If you’ve been doing your own archival research on the administrative records of the Archbishops of York, you might be interested in the new conference announced by The Northern Way project, which is working to expand our knowledge of the Archbishops’ Registers digitised by the Borthwick. The conference will take place in September and you can read the call for papers here.
Collections Information Archivist Sally-Anne Shearn gave a talk to the Family History Society of Cheshire on the 28th January on the Crewe family and the coming of the railway, using correspondence from the Borthwick’s Milnes Coates Archive to describe dangers and excitement of rail travel in the 19th century. The talk is an expanded version of the Borthwick podcast released in October 2020.
Finally a letter found at the Borthwick in 2018 which gave a rare insight into the early achievements and personality of Lady Charlotte Guest, pioneering translator of Welsh text The Mabinogion, has been included in a new biography by Victoria Owens, published in late 2020. ‘Lady Charlotte Guest: The extraordinary life of a female industrialist’ tells the story of Lady Charlotte’s married life at Dowlais in South Wales, where she took charge of the Dowlais Ironworks after the death of her husband, Sir John Guest, in 1852. The letter had been published in full in the 2018 edition of Morgannwg: The Journal of Glamorgan History.
Records of Admiral Robert Fairfax
The catalogue for the Records of Admiral Fairfax can be viewed on Borthcat
The Borthwick may not be a place you’d expect to find 17th and 18th century naval records but thanks to the Yorkshire origins of the Fairfax family the records of Admiral Robert Fairfax are split between York and the National Maritime Museum at Greenwich.
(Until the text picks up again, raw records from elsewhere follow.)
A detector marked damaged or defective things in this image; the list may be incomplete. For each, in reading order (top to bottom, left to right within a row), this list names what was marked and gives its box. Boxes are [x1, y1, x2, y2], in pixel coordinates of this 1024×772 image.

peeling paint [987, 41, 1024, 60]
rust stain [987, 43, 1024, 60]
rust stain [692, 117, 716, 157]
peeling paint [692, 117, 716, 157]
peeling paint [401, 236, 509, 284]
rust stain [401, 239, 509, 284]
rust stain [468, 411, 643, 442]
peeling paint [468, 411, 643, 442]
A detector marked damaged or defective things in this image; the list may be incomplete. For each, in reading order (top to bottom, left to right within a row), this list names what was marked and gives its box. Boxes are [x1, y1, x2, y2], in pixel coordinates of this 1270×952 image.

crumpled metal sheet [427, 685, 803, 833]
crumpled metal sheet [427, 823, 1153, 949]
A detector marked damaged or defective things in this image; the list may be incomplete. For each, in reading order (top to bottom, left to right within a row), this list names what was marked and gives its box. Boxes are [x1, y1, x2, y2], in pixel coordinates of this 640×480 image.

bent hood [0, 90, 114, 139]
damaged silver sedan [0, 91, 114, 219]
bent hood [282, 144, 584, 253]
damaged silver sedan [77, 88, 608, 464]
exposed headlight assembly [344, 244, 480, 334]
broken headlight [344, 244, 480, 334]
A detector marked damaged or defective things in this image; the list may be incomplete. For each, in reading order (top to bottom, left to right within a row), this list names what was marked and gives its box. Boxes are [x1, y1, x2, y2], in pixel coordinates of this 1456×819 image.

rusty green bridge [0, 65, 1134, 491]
The two boxes of logbooks, naval orders and papers have been chosen as an example of the Borthwick’s many hidden treasures, which in this case have made their way to our strongrooms from the wooden cabin of an 18th century ship.
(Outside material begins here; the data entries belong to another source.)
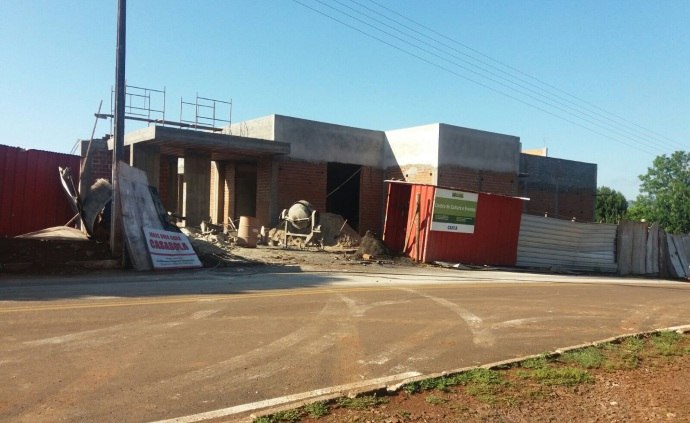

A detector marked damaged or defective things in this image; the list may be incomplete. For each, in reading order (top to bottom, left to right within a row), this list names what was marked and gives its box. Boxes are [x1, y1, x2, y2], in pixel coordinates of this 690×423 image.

rusty metal fence panel [0, 145, 80, 238]
rusty metal fence panel [512, 214, 616, 274] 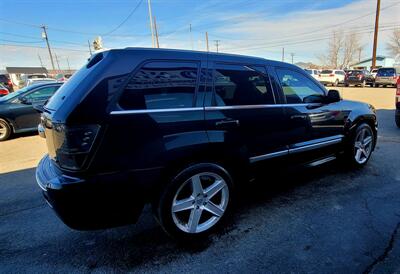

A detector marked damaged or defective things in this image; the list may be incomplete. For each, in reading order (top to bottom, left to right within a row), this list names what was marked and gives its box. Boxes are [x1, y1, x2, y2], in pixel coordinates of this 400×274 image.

crack in pavement [364, 222, 400, 272] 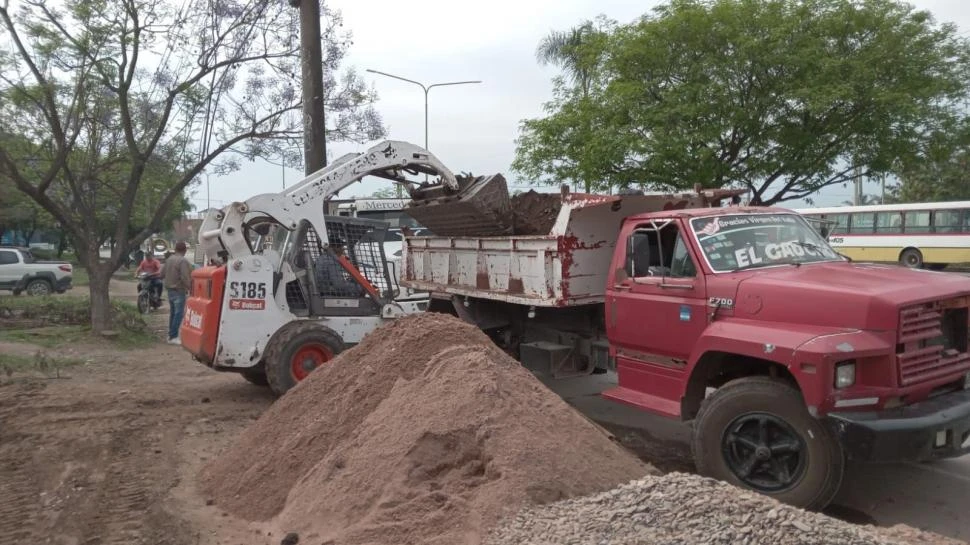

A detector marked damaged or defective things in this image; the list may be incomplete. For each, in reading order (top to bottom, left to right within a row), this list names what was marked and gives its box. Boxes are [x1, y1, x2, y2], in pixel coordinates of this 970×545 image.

rusty dump bed side [400, 191, 720, 306] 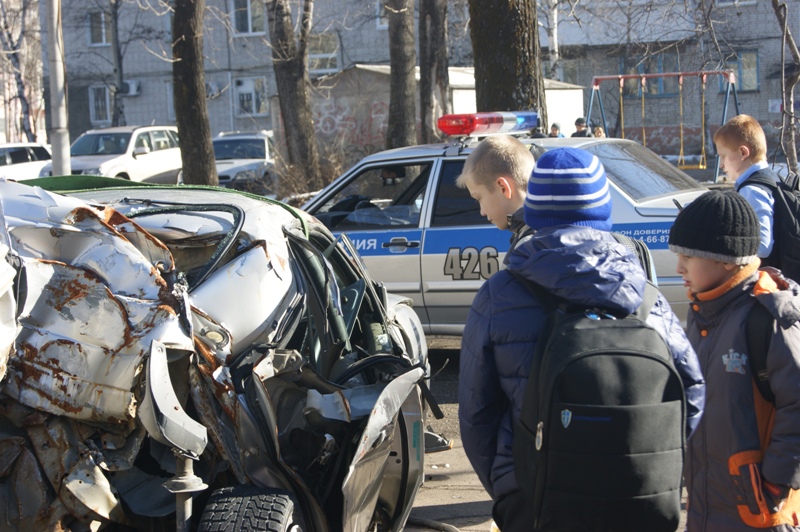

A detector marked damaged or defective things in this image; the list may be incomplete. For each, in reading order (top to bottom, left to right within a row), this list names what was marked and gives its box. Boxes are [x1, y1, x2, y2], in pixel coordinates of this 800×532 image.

wrecked white car [0, 178, 432, 532] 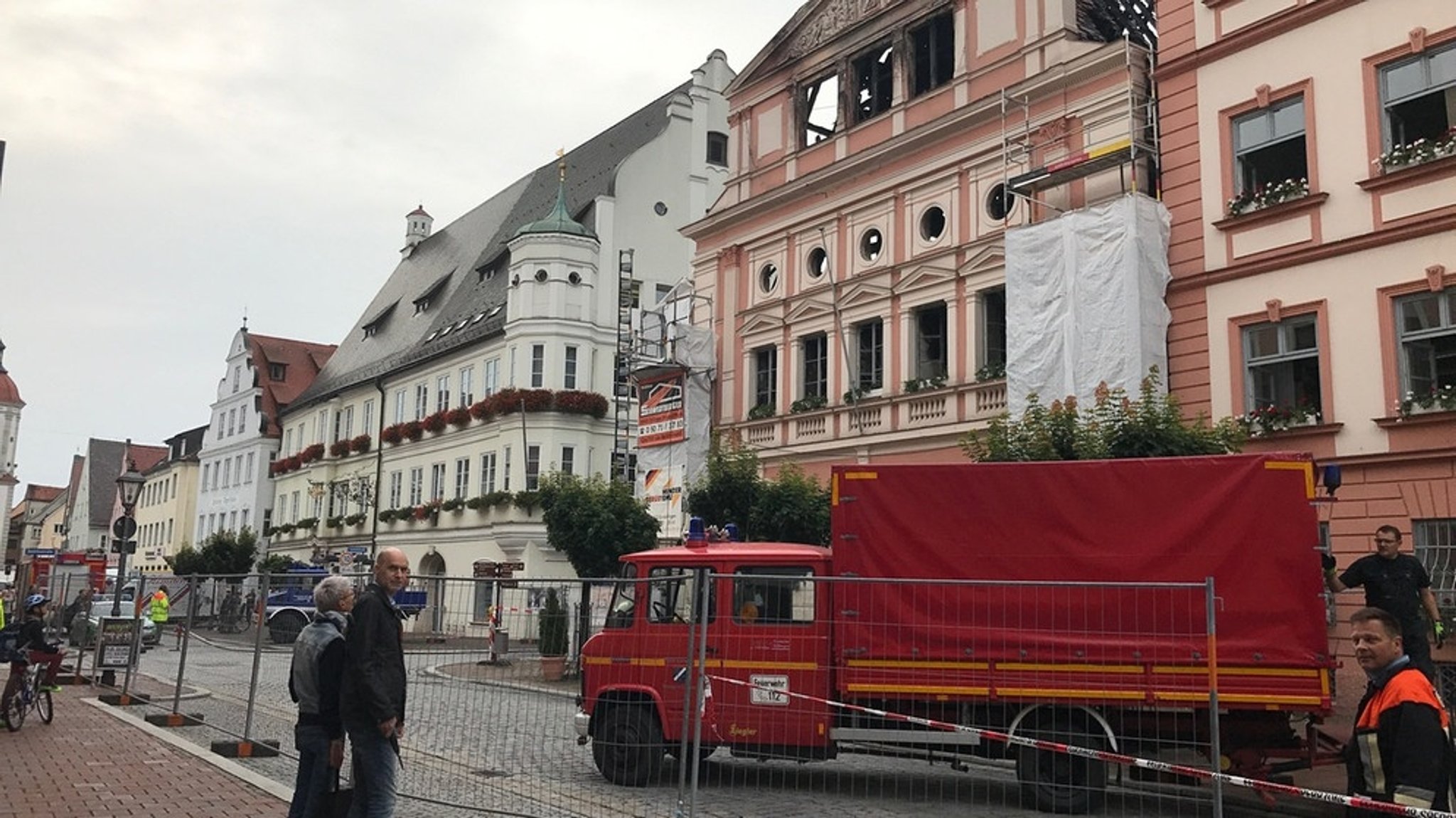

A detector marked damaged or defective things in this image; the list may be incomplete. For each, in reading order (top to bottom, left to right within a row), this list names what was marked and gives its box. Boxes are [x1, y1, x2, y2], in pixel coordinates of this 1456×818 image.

charred window opening [705, 130, 728, 166]
charred window opening [803, 73, 838, 146]
charred window opening [850, 43, 891, 123]
charred window opening [908, 13, 955, 95] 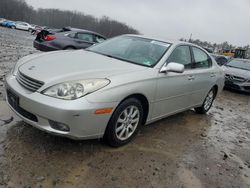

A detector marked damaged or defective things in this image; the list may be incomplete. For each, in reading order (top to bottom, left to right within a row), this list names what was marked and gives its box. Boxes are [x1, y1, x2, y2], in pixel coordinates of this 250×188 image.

damaged vehicle [33, 27, 106, 51]
damaged vehicle [5, 35, 225, 147]
damaged vehicle [223, 57, 250, 92] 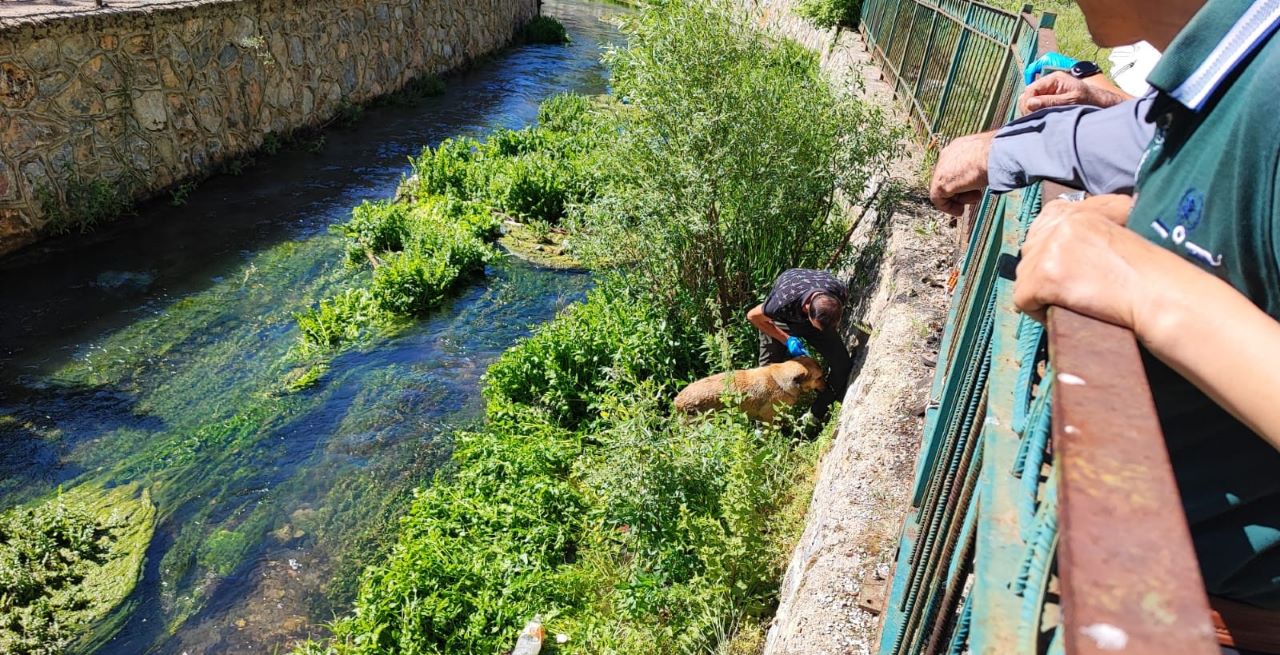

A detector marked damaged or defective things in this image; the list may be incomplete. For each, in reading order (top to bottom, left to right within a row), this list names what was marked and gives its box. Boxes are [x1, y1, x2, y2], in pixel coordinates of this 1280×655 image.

rusty metal fence [860, 0, 1048, 144]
Robert Fairfax was born in 1666 and went to sea at the age of 15. His family were Yorkshire gentry, his grandfather William was cousin to Sir Thomas Fairfax, Parliamentary Commander-in Chief during the English Civil War. The young Fairfax was promoted to lieutenant of the ship Bonaventure in 1688 and saw action at the relief of Londonderry in 1689 and the Battle of Beachy Head in 1690, the same year he was given command of the Conception. The ships’ logbooks and papers which survive at the Borthwick date from 1695 onwards when Fairfax, now an experienced captain, patrolled home waters, the Bay of Biscay and the coast of Spain, carefully recording locations, weather conditions and noteworthy events aboard ship. The archive includes the dramatic events of 1704 when Fairfax, as commander of the Berwick, was court martialed along with six other captains for their failure to capture a French squadron off the Spanish coast. All were fully acquitted and Fairfax went on to fight at the capture of Gibraltar and Barcelona, and at the battle of Malaga where his ship, the Berwick, had her masts, rigging and sails destroyed in the fighting.
In 1707 Fairfax was made a Rear Admiral following the death of the magnificently named Sir Cloudsley Shovell, but the promotion was eventually given to Lord Dursley who had more influential connections. Disillusioned with the service, Fairfax subsequently retired from the navy and returned to Yorkshire where he swapped the sea for politics as MP and Lord Mayor of York. He died in 1725. You can find other papers relating to his life and career on the National Maritime Museum catalogue.